Там они обнаружили конный отряд из тридцати человек, которому главнокомандующий дал приказ сопровождать Оливье до берегов Луары. Д’Эрвийи какое-то время ехал вместе с ними, но, когда они очутились на расстоянии льё от городка, Оливье стал настаивать, чтобы тот повернул обратно: слишком опасно было возвращаться одному издалека; д’Эрвийи распрощался с ними и, пустив лошадь в галоп, скоро скрылся из виду.

— Замечательный друг! — прошептал Оливье, провожая его глазами. — Преданный, отважный и благородный!

— О да! Отважный и благородный! — воскликнула Бланш. — Он ведь не знает, кто я; казалось бы, что ему до моей участи.
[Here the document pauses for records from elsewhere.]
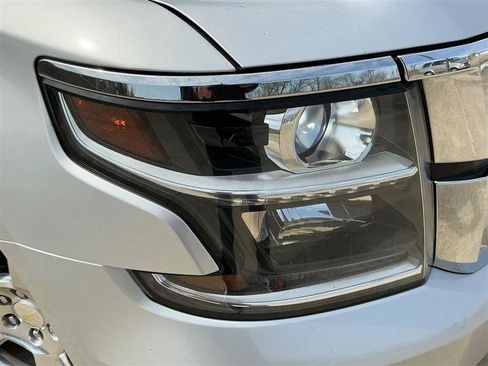 Used 2016 Chevrolet Tahoe LT image 17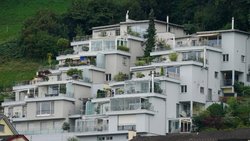 Terrassensiedlung in der Schweiz.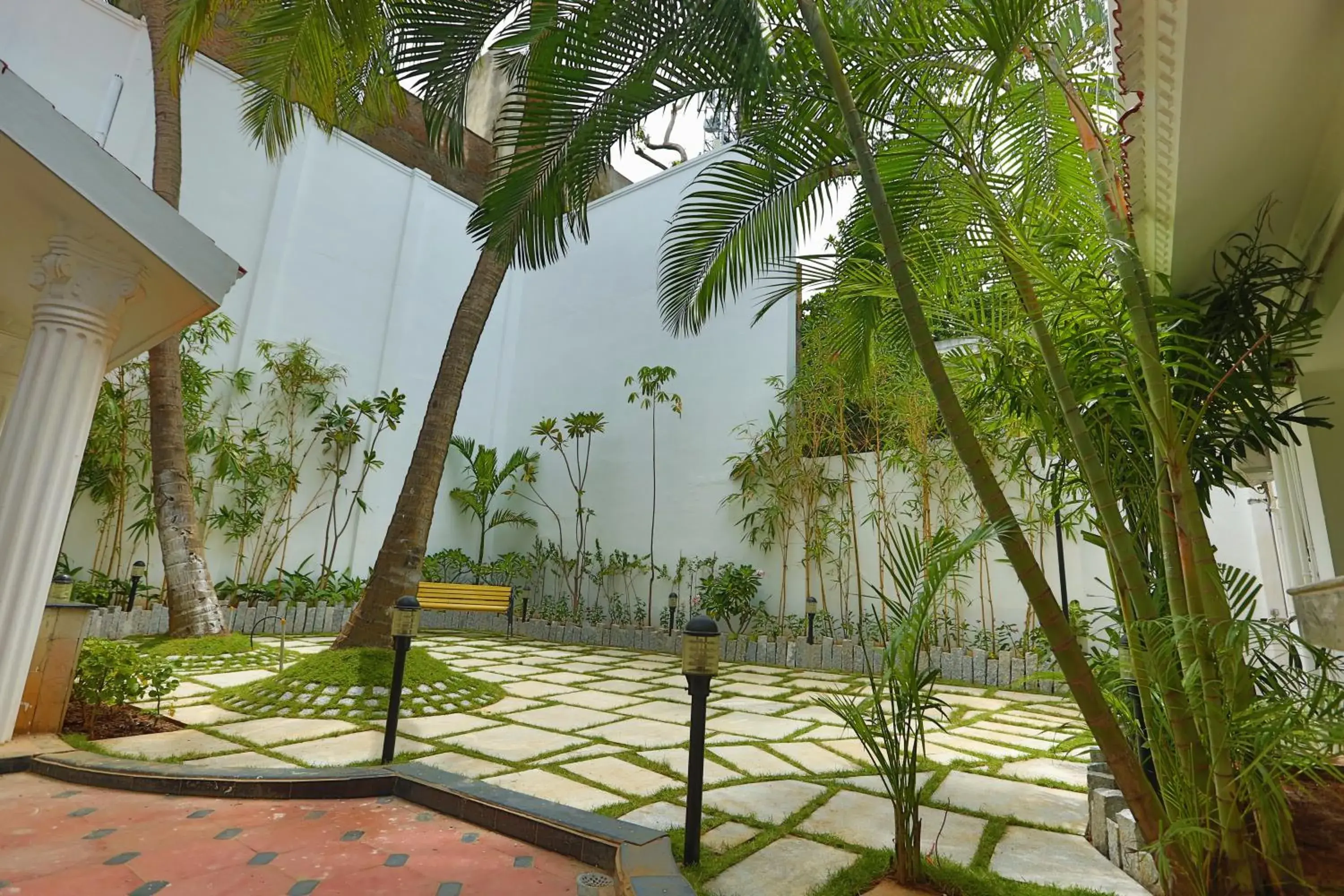 Inner courtyard view in Avenue 11 Boutique Residences, Poes Garden Chennai Inner courtyard view in Avenue 11 Boutique Residences, Poes Garden Chennai
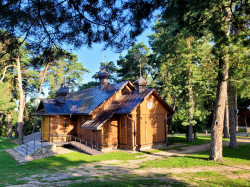 jarek1 
The Icon of the Mother of God “Joy of All Who Sorrow” church of Grabarka Convent 
2021-08-15 15:10:26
Но вам я обязана еще больше!

— А я ведь тоже вас не знаю, — улыбнулся молодой офицер, — впрочем, Бланш обещала ничего не утаивать от меня!

— Бланш сдержит слово, — заверила она, подъезжая к нему ближе и делая знак немного отдалиться от эскорта.

Некоторое время юная вандейка собиралась с мыслями.

— Я единственная дочь маркиза де Больё, — сказала она.

Оливье вздрогнул — это было имя одного из главных вождей вандейцев. Она продолжала, не заметив его изумленного движения.

— Мой отец, проведя свою молодость на службе у короля, в сорок пять лет вернулся к домашнему очагу. Он хотел иметь наследника, чтобы его имя не умерло вместе с ним, и предложил свою руку и свое состояние юной Эрнестине де Молеон. Эрнестина, воспитанная в старом замке своего отца, вдали от развлечений и соблазнов света, приняла предложение маркиза. Вскоре их брак был скреплен перед алтарем, а когда мой будущий отец через некоторое время узнал, что его жена собирается стать матерью, он был вне себя от радости. Все его мечты сбывались, ведь он ни секунды не сомневался, что она носит в своем чреве сына. Эрнестина была окружена самым нежным вниманием, все ее желания выполнялись до того, как она успевала их выразить. Моя мать всегда очень любила цветы, поэтому для нее была устроена оранжерея, и маркиз закупил очень дорогие растения, самые красивые и самые редкие, какие только ему удалось раздобыть. Особую любовь молодая женщина проявляла к красным розам. В течение всей беременности роза в волосах была ее единственным украшением. То ли случайно, то ли потому, что мать может внушить своему ребенку еще до его рождения свои собственные чувства, но красная роза и мой любимый цветок, и при виде ее я не могу удержаться, чтобы тотчас не украсить ею себя.